I don't know what type of infrastructure you have in place, but for 1,000 users on wireless, your needs will be far beyond "buy 1,000 linksys routers and plug them in". You'll need to think about doing RF surveys of the locations where the APs will go, channel plans, etc. There will be a lot of bugs to work out. And you'll need an enterprise-grade physical infrastructure (routers, switches, etc.) as well.

If you're starting from scratch, I'd highly recommend bringing in some contract help to assist with the initial design, equipment selection, etc. and training your staff.

BTW, I'm one of the four full-time staff, I spend about 25% of my time doing actual wireless work (helping others), and the rest dedicated to back-end systems (DHCP, Radius, Syslog, DNS, etc.) and tool development.

Answer 3

Good articles on successful setting WiFi at the PyCon conference (from 600 pax in 2007 to 1000 attendees in 2010) in years 2007, 2008, 2010.

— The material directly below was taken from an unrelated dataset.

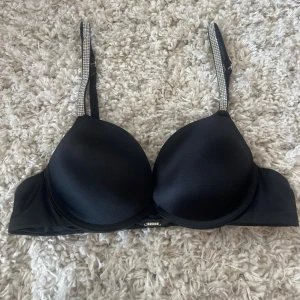 Svart push-up bh med glittriga diamant band - Supersnygg svart push-up bh med glittriga axelband som ger extra bling. Bh:n har släta kupor och en liten metallogo framtill. Perfekt för dig som vill ha något extra under outfiten.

It covers all the aspects - number of APs, frequencies, protocols, trends, lessons learned, ... - including info on bandwidth consumption.

Answer 4

How long is a piece of string?

If you are talking about streaming websites where everyone will be on at the same time, you will most likely need a hefty leased line connection or similar.

If you are talking about a few news/optimized websites and you have a proxy/caching server, you can get away with a standard ADSL connection.

You really have not given enough information and it is far too hard to help you based on that.

Answer 5

First of all, you're probably going to need multiple wireless routers because the speed does degrade as more users log in (even when they're not doing anything).

The reason large companies with hundreds of computers (let alone a thousand) need to use ethernet switches rather than hubs is that they need to isolate background network chatter (e.g., ARP traffic) and reduce collisions (this wasn't a problem with Token Ring due to the way the topology was designed, but there were also disadvantages with Token Ring that ethernet is immune to).

If you put 1,000 computers on a single wireless network, you're most likely going to experience some serious congestion problems as more and more users get connected, even if they're just sitting there doing very little with their internet access.

How much web surfing and downloading do you anticipate? Will they also be using eMail and VPNs, Skype, and other applications that use different protocols? Be sure to factor in DNS, DHCP, and specific web sites like YouTube and SlashDot.

My recommendation is to figure out first what the usage will more likely be (it helps to know who these 1,000 people are), and try to work from there. I think you're probably going to find that you'll need to have multiple wireless access points unless you can find a very heavy-duty one that is designed to deal with this type of load.

Answer 6

1,000 similutaneous WiFi users all on same network

Good luck with that!

You will need a lot of access points.

Overall, for that amount of users you will need to do some simulations to determine the likely bandwidth needs.